If the UK Independence Party wants to be taken seriously as a credible political organisation, rather than written off as an assortment of immigration-obsessed fruitcakes (© David Cameron), it must accept the same level of scrutiny of its proposals as the mainstream parties. Sadly for Nigel Farage and his colleagues, that scrutiny finds UKIP wanting when it comes to economic policy.

Let’s say this for the party – it has at least attempted to set out the broad principles of its programme well in advance of the election campaign.

Last September, economics spokesman Patrick O’Flynn laid out some of the principles UKIP will fight for.
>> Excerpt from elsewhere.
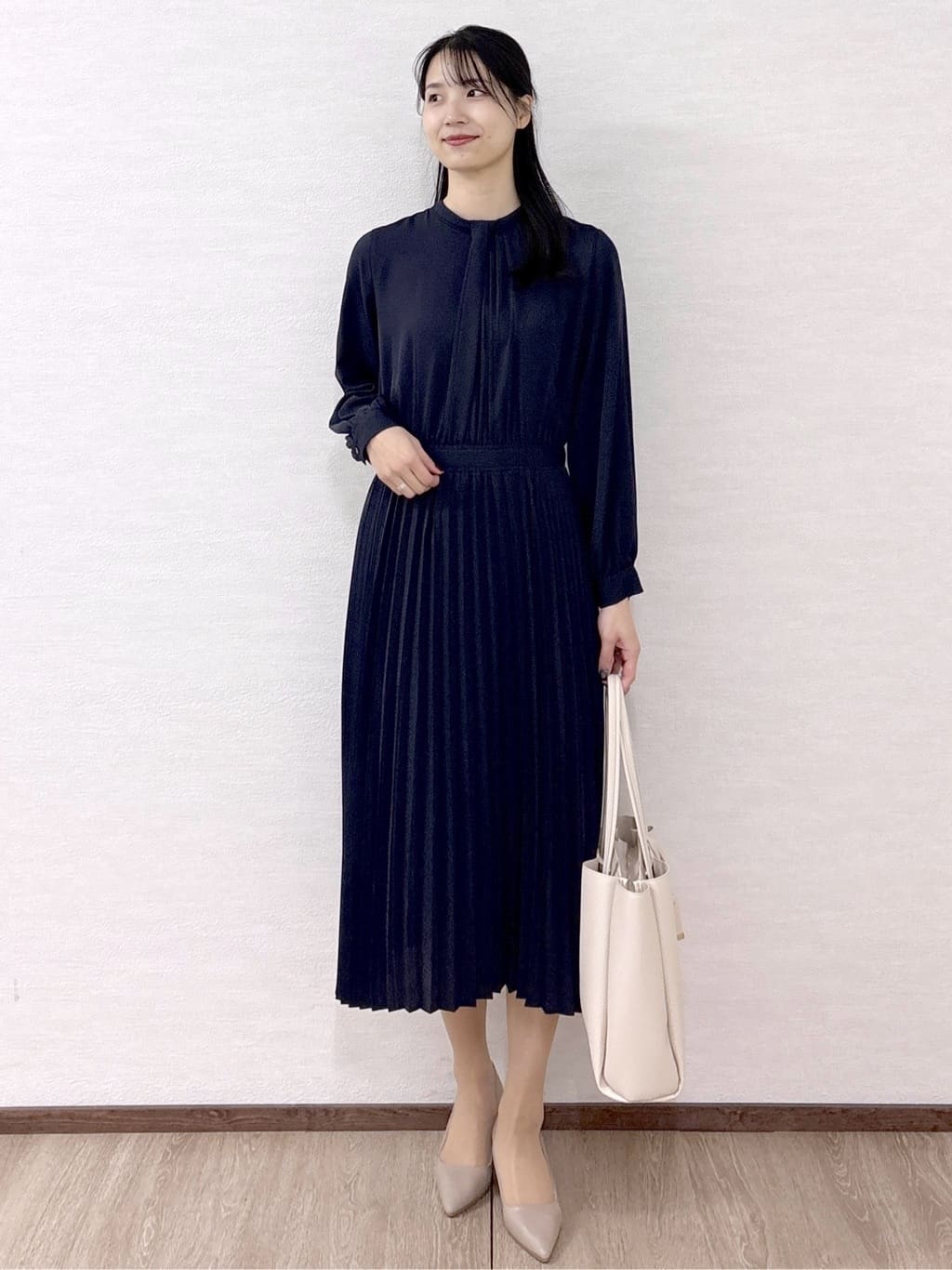 sachikoさんの「OPAQUE.CLIP｜《通勤対応》ジョーゼットプリーツワンピース【洗濯機OK】」を使ったコーディネート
These include a cut in the top rate of income tax from 50% to 40% and a reduction from 40% to 35% for those earning between £42,000 and £55,000 a year.

He also advocates the abolition of inheritance tax and populist measures on VAT. In particular, O’Flynn suggested a higher rate of VAT for luxury goods such as expensive shoes and handbags, and the abolition of the tax-free shopping scheme that enables foreign nationals to reclaim VAT on goods they take home.

There are a couple of problems with these ideas. Most fundamentally, the numbers don’t add up: UKIP is promising to pay for its income tax reductions through cuts in the overseas aid budget and savings realised from the UK’s withdrawal from the EU. But even if you accept that these measures would raise £17bn – the EU savings in particular look debatable – that’s not sufficient to finance the cut in higher rate tax UKIP wants, particularly given the inheritance tax revenues it also proposes to forego.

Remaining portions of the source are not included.